Tampoco, y menos con el Mundial
a la mano, es fácil convalidar esa otra sentencia cuestionadora del
atractivo de que vayan 22 jóvenes detrás de la pelota. Más allá del
injusto castigo a la armonía y estética que ofrece el fútbol bien
jugado, es difícil no ver a los otros tantos millones de seres que
también corren detrás de esa pelota y de esos 22 jóvenes. Ellos corren y
juegan con sus emociones, su pasión y su imaginación. Y así dan
zancadas más que pasos y eso les permite no sólo seguir el partido,
gritar un gol, sino adelantarse a lo que va a ocurrir, y cómo se lo va a
festejar.

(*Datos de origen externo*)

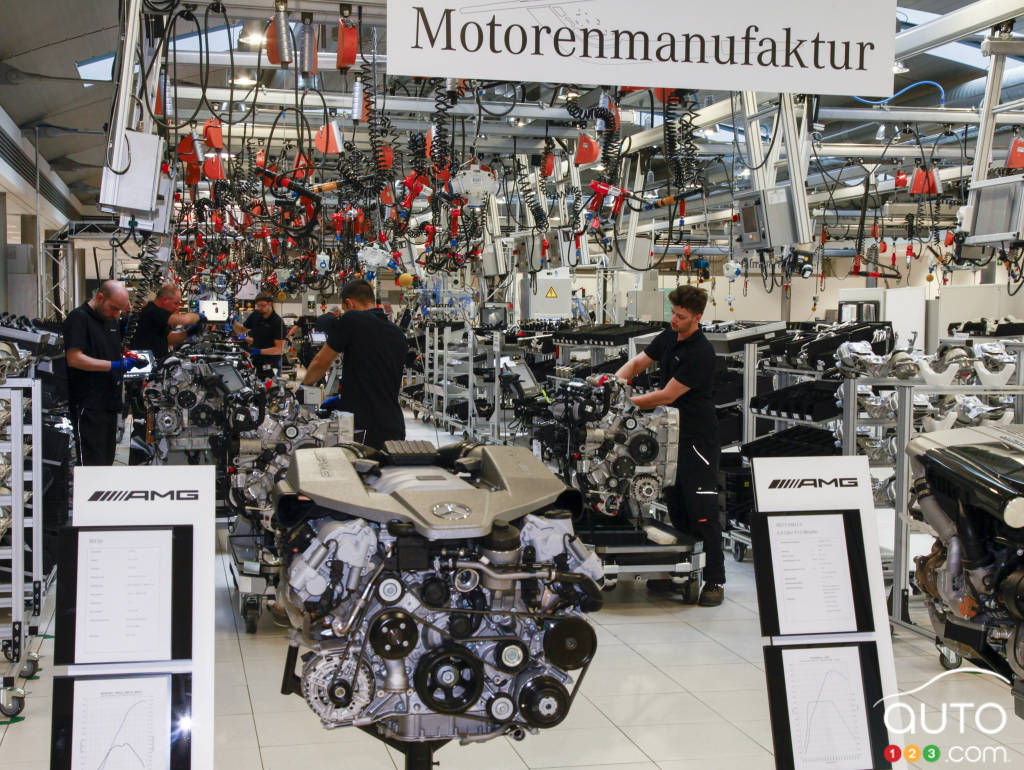 The assembly of 12-cylinder engines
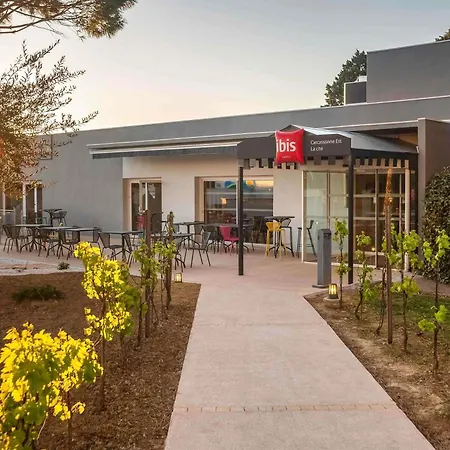 Ibis Est La Cite Καρκασόν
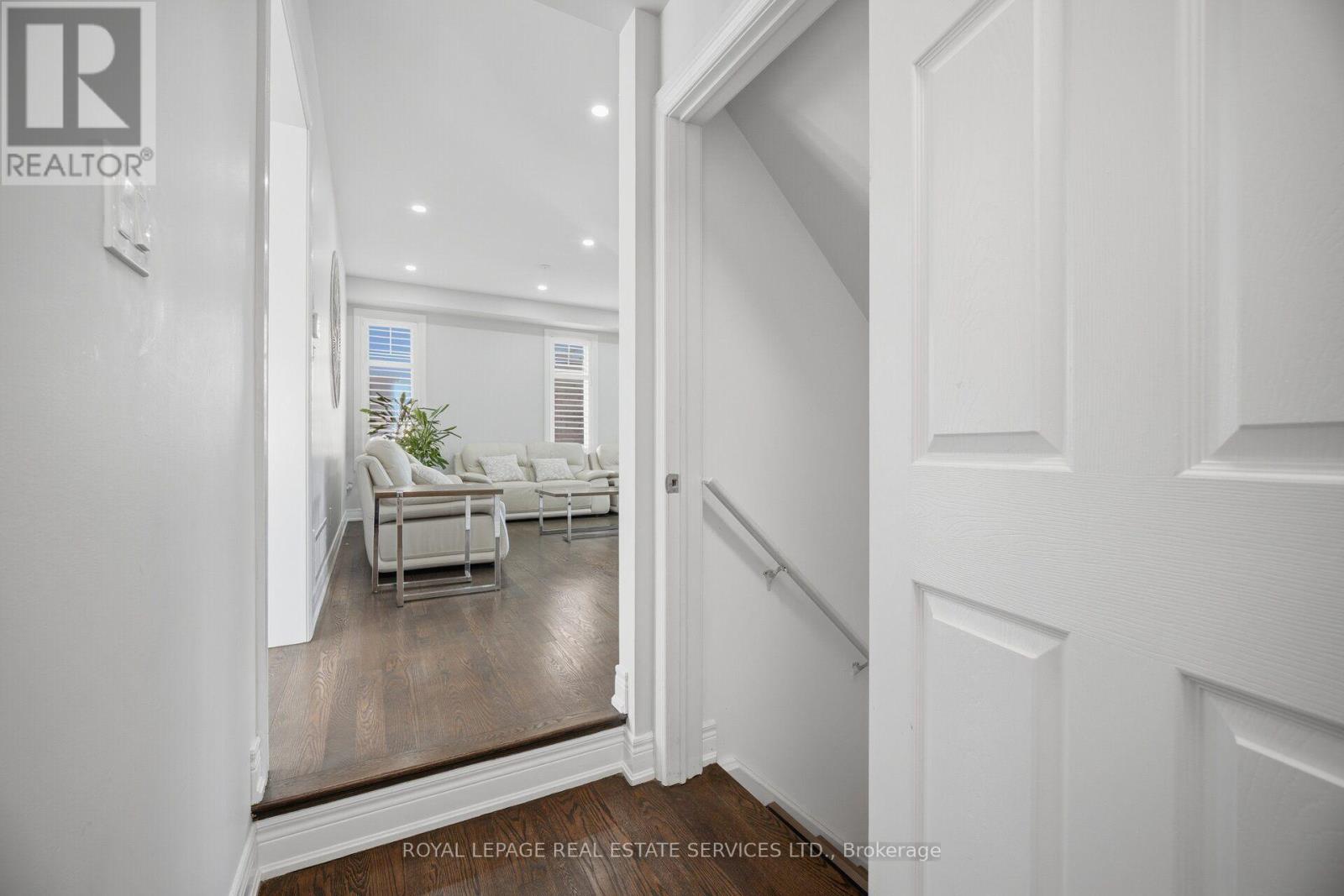 8 Wardsville Drive, Brampton, Ontario  L6Y 0T7 - Photo 33 - W13655260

Casi soñar despierto y acompañado.
Si se pudiera hacer
una imaginaria lobotomía a la pelota y esa extirpación de un lóbulo,
paradójicamente contrariando la intención de esa cirugía, mutara al
hincha en un ser reflexivo y analítico solamente, haría que esa muerte
de la pasión también lo matara a él como protagonista indispensable de
un juego que vive tanto adentro como afuera del verde campo.
Si
el juego y la autenticación en él del ídolo se complementan a la
perfección, el fútbol logra alcanzar su estado máximo y más puro. Ese
que consigue unir tan firmemente como ningún otro a personas tan
distintas. Quien alguna vez salió de una cancha caminando junto a un
desconocido, hablando cuadras y cuadras y sintiendo lo mismo, puede dar
fe que eso también es una forma de compartir identidad.